A prime example of the effectiveness of a school district foundation is in Milbank, McGirr said. “Last year, on Huron High School’s Senior Day (when graduates receive scholarships from numerous individuals, businesses and organizations) just bit more than $29,000 was presented to graduates.

In contrast, Milbank, who graduated 36 kids last year, created $230,000 in scholarships and other aid through the district’s foundation.”

“The more we have dug into school foundations and the good that they can do, the more we have turned our focus to student scholarships,” Bischoff added.

McGirr said the realization that something needed to be done to focus on the issue and make changes.

“Our goal is to raise $1 million for an endowment,” McGirr said. “The South Dakota Community Foundation will oversee the funds, just as it does for the Huron Community Foundation and the various family funds that create grants for local groups and organizations. When we reach that goal, by using the interest generated by the endowment, we will be able to distribute another $40,000 to $50,000 per year, while allowing the principle to go untouched.”

Reimer invested 40 years into education, 25 years in the classroom and the final 15 years as an administrator.

He and his wife Pat fund a scholarship each year, which is among those designated on Senior Day.

“When I was in the administration and this was more than 20 years ago, the counselors at the time - Mark Neuharth and Kathy DeBoer - had the idea of a community scholarship program,” Reimer said.

“They contacted businesses and individuals about funding scholarships then. That was not an endowment, but was something that would be donated each year.” Reimer said that some scholarships were targeted - for instance, if an engineering company was willing to donate toward a scholarship, they would often earmark it for a student interested in pursuing an engineering education.

“But these were every year things,” he said. “It helped students, but the assistance was somewhat small compared to what other communities were doing, in terms of financial assistance for kids.”

“The scholarships through the endowment is a way to fill in the gaps,” Nebelsick said. “That is what created the excitement for us. Can we meet the demand and have innovative finance opportunities that goes above and beyond? In addition, the Huron School District Foundation will dovetail so well with the unbelievable success we’ve seen with the endowment for the Huron Community Campus, which makes possible the $40 per credit hour. I think that this can partner and give students headed to a technical school or a four-year college ongoing support. I am really very excited about the possibilities.”

“Ideally,” Reimer said, “we want to get to the point where we can continuously fund scholarships each year. At that point there may be other avenues that can be explored to improve education.”

“Fundraising has picked up when we  narrowed our focus,” McGirr said. “We can continue to add as we go forward.

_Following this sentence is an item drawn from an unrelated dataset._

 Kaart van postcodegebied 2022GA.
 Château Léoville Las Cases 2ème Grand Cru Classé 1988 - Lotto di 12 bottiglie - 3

A $2,000 donation adds the person or persons making the donation to the Founders Wall, which is in the hallway that connects Huron Arena to the Event Center. “ Other funding levels are also being recognized: $5,000 - Orange Level; $10,000 - Black Level and $25,000 - Tiger Level.

“The Huron School District Foundation provides an opportunity for many of us, whose kids have graduated, to contribute and enhance continuing education for HHS students,” Nebelsick noted.

“My hope is we can raise $100,000 our first year,” Bischoff said, “and hopefully within 10 years grow our fund to $1 million, so we would have the ability to offer any student graduating Huron High School a scholarship to help them achieve their goals in life.”

In addition to McGirr, Nebelsick serves as the foundation vice-president, Bischoff is the secretary and Marcia Zwanziger is treasurer. Other board members include: Reimer, Jeff Duffy, Sherman Gose, Jodi Hegg, Craig Lee, Rhonda Kludt and Nichole Wenz.